What is being asked: All of the data below is to be copied again without changes.

Working data:
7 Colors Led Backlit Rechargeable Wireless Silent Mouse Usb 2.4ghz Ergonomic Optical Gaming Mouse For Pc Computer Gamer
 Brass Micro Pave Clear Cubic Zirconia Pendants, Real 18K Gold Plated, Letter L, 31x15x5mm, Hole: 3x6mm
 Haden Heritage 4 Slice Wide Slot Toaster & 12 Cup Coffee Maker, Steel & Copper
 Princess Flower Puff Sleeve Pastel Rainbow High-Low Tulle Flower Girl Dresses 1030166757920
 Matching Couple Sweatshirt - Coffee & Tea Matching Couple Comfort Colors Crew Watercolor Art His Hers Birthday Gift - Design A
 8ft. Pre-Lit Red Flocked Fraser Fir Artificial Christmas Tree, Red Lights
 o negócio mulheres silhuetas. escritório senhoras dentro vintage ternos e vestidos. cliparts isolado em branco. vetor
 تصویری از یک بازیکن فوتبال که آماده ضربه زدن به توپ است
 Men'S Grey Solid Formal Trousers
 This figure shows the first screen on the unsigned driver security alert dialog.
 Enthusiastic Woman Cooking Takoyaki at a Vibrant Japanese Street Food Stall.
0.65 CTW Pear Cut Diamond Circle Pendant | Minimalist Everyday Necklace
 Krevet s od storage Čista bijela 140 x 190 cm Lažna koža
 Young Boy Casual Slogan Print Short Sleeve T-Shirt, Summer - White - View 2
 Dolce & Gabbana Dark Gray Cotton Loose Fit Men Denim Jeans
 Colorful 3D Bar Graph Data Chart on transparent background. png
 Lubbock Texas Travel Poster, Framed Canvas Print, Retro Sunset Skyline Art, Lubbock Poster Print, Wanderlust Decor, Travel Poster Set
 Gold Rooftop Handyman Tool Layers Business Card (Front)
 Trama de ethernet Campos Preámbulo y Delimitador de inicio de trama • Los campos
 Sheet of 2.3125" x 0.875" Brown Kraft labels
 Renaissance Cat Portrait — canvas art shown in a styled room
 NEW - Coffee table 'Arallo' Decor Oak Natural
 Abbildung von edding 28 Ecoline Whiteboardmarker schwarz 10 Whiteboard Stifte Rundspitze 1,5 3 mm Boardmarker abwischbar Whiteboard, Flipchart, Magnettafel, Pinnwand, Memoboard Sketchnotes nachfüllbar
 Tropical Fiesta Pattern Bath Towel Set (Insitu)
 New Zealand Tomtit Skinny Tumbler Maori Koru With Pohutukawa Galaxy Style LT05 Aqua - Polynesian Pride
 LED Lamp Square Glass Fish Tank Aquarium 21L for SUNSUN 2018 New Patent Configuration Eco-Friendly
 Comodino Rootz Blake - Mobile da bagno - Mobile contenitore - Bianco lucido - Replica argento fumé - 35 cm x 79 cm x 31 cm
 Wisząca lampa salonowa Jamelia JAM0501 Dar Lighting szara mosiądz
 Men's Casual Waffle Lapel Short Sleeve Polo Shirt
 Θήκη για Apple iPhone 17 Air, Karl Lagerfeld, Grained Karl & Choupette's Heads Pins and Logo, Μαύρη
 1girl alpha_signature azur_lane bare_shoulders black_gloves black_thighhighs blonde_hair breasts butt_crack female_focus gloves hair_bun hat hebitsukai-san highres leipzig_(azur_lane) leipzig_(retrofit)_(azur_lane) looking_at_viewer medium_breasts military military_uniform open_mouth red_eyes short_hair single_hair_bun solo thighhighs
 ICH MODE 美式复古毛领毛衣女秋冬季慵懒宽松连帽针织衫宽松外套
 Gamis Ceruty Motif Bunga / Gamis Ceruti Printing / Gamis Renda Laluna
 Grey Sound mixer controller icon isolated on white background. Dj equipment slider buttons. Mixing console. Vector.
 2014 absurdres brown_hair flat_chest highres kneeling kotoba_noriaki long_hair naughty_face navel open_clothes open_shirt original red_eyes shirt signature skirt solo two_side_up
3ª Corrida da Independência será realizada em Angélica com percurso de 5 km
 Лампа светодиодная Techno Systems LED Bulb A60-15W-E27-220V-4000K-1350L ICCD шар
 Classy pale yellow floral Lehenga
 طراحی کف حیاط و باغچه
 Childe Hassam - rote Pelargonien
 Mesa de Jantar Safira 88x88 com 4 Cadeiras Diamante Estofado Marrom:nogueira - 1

Answer area:
7 Colors Led Backlit Rechargeable Wireless Silent Mouse Usb 2.4ghz Ergonomic Optical Gaming Mouse For Pc Computer Gamer
 Brass Micro Pave Clear Cubic Zirconia Pendants, Real 18K Gold Plated, Letter L, 31x15x5mm, Hole: 3x6mm
 Haden Heritage 4 Slice Wide Slot Toaster & 12 Cup Coffee Maker, Steel & Copper
 Princess Flower Puff Sleeve Pastel Rainbow High-Low Tulle Flower Girl Dresses 1030166757920
 Matching Couple Sweatshirt - Coffee & Tea Matching Couple Comfort Colors Crew Watercolor Art His Hers Birthday Gift - Design A
 8ft. Pre-Lit Red Flocked Fraser Fir Artificial Christmas Tree, Red Lights
 o negócio mulheres silhuetas. escritório senhoras dentro vintage ternos e vestidos. cliparts isolado em branco. vetor
 تصویری از یک بازیکن فوتبال که آماده ضربه زدن به توپ است
 Men'S Grey Solid Formal Trousers
 This figure shows the first screen on the unsigned driver security alert dialog.
 Enthusiastic Woman Cooking Takoyaki at a Vibrant Japanese Street Food Stall.
0.65 CTW Pear Cut Diamond Circle Pendant | Minimalist Everyday Necklace
 Krevet s od storage Čista bijela 140 x 190 cm Lažna koža
 Young Boy Casual Slogan Print Short Sleeve T-Shirt, Summer - White - View 2
 Dolce & Gabbana Dark Gray Cotton Loose Fit Men Denim Jeans
 Colorful 3D Bar Graph Data Chart on transparent background. png
 Lubbock Texas Travel Poster, Framed Canvas Print, Retro Sunset Skyline Art, Lubbock Poster Print, Wanderlust Decor, Travel Poster Set
 Gold Rooftop Handyman Tool Layers Business Card (Front)
 Trama de ethernet Campos Preámbulo y Delimitador de inicio de trama • Los campos
 Sheet of 2.3125" x 0.875" Brown Kraft labels
 Renaissance Cat Portrait — canvas art shown in a styled room
 NEW - Coffee table 'Arallo' Decor Oak Natural
 Abbildung von edding 28 Ecoline Whiteboardmarker schwarz 10 Whiteboard Stifte Rundspitze 1,5 3 mm Boardmarker abwischbar Whiteboard, Flipchart, Magnettafel, Pinnwand, Memoboard Sketchnotes nachfüllbar
 Tropical Fiesta Pattern Bath Towel Set (Insitu)
 New Zealand Tomtit Skinny Tumbler Maori Koru With Pohutukawa Galaxy Style LT05 Aqua - Polynesian Pride
 LED Lamp Square Glass Fish Tank Aquarium 21L for SUNSUN 2018 New Patent Configuration Eco-Friendly
 Comodino Rootz Blake - Mobile da bagno - Mobile contenitore - Bianco lucido - Replica argento fumé - 35 cm x 79 cm x 31 cm
 Wisząca lampa salonowa Jamelia JAM0501 Dar Lighting szara mosiądz
 Men's Casual Waffle Lapel Short Sleeve Polo Shirt
 Θήκη για Apple iPhone 17 Air, Karl Lagerfeld, Grained Karl & Choupette's Heads Pins and Logo, Μαύρη
 1girl alpha_signature azur_lane bare_shoulders black_gloves black_thighhighs blonde_hair breasts butt_crack female_focus gloves hair_bun hat hebitsukai-san highres leipzig_(azur_lane) leipzig_(retrofit)_(azur_lane) looking_at_viewer medium_breasts military military_uniform open_mouth red_eyes short_hair single_hair_bun solo thighhighs
 ICH MODE 美式复古毛领毛衣女秋冬季慵懒宽松连帽针织衫宽松外套
 Gamis Ceruty Motif Bunga / Gamis Ceruti Printing / Gamis Renda Laluna
 Grey Sound mixer controller icon isolated on white background. Dj equipment slider buttons. Mixing console. Vector.
 2014 absurdres brown_hair flat_chest highres kneeling kotoba_noriaki long_hair naughty_face navel open_clothes open_shirt original red_eyes shirt signature skirt solo two_side_up
3ª Corrida da Independência será realizada em Angélica com percurso de 5 km
 Лампа светодиодная Techno Systems LED Bulb A60-15W-E27-220V-4000K-1350L ICCD шар
 Classy pale yellow floral Lehenga
 طراحی کف حیاط و باغچه
 Childe Hassam - rote Pelargonien
 Mesa de Jantar Safira 88x88 com 4 Cadeiras Diamante Estofado Marrom:nogueira - 1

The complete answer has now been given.